• _About this task_
Set the listing down exactly; no pictures.

• _Dataset excerpt_

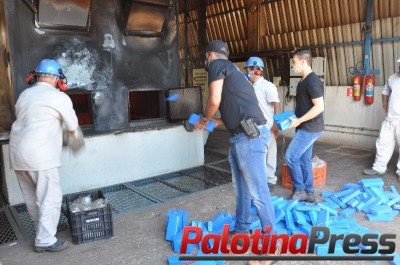 Polícia Civil de Palotina incinera mais de 160Kg de Drogas 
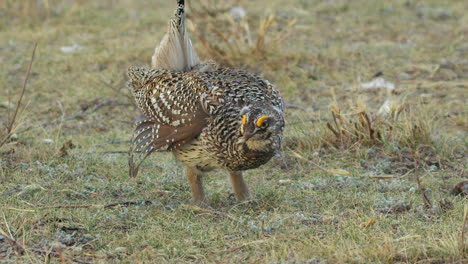 lone male sharptail grouse dances, calls for females on prairie grass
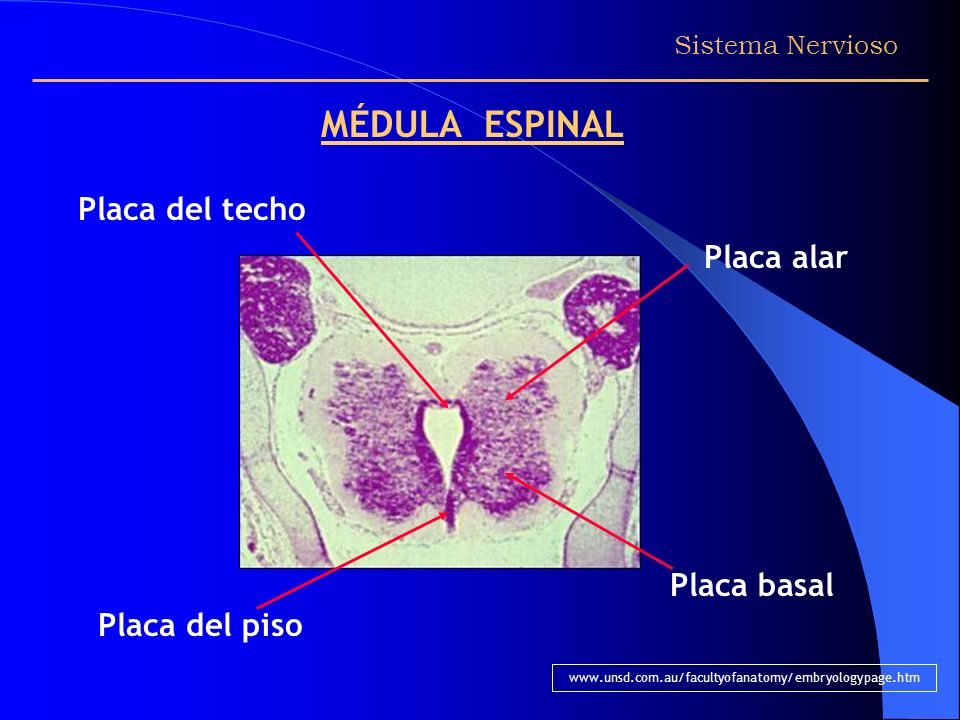 MÉDULA ESPINAL Placa del techo Placa alar Placa basal Placa del piso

• _Output for this exercise_
 Polícia Civil de Palotina incinera mais de 160Kg de Drogas 
 lone male sharptail grouse dances, calls for females on prairie grass
 MÉDULA ESPINAL Placa del techo Placa alar Placa basal Placa del piso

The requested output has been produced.